Create a Kubernetes cluster with Azure Kubernetes Service using Terraform

Article tested with the following Terraform and Terraform provider versions:

Terraform enables the definition, preview, and deployment of cloud infrastructure. Using Terraform, you create configuration files using HCL syntax. The HCL syntax allows you to specify the cloud provider - such as Azure - and the elements that make up your cloud infrastructure. After you create your configuration files, you create an execution plan that allows you to preview your infrastructure changes before they're deployed. Once you verify the changes, you apply the execution plan to deploy the infrastructure. For more information about using Terraform in Azure, see the Azure Terraform developer center

Azure Kubernetes Service (AKS) manages your hosted Kubernetes environment. AKS allows you to deploy and manage containerized applications without container orchestration expertise. AKS also enables you to do many common maintenance operations without taking your app offline. These operations include provisioning, upgrading, and scaling resources on demand.

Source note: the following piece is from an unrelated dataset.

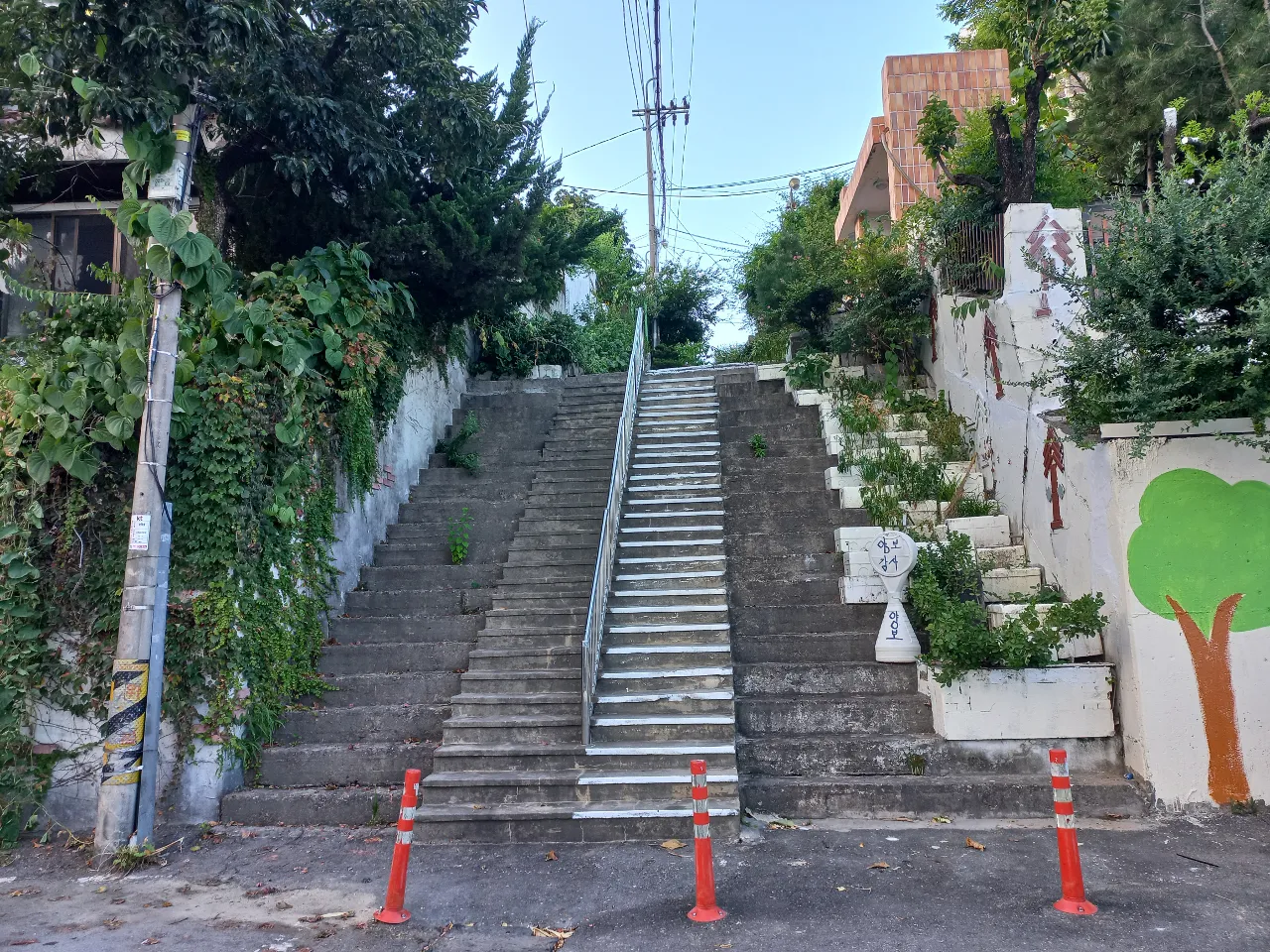 a set of stairs with a tree painted on it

In this article, you learn how to:

  • Use HCL (HashiCorp Language) to define a Kubernetes cluster
  • Use Terraform and AKS to create a Kubernetes cluster
  • Use the kubectl tool to test the availability of a Kubernetes cluster

1. Configure your environment

  • Azure subscription: If you don't have an Azure subscription, create a free account before you begin.
  • Azure service principal: If you don't have a service principal, create a service principal. Make note of the appId, display_name, password, and tenant.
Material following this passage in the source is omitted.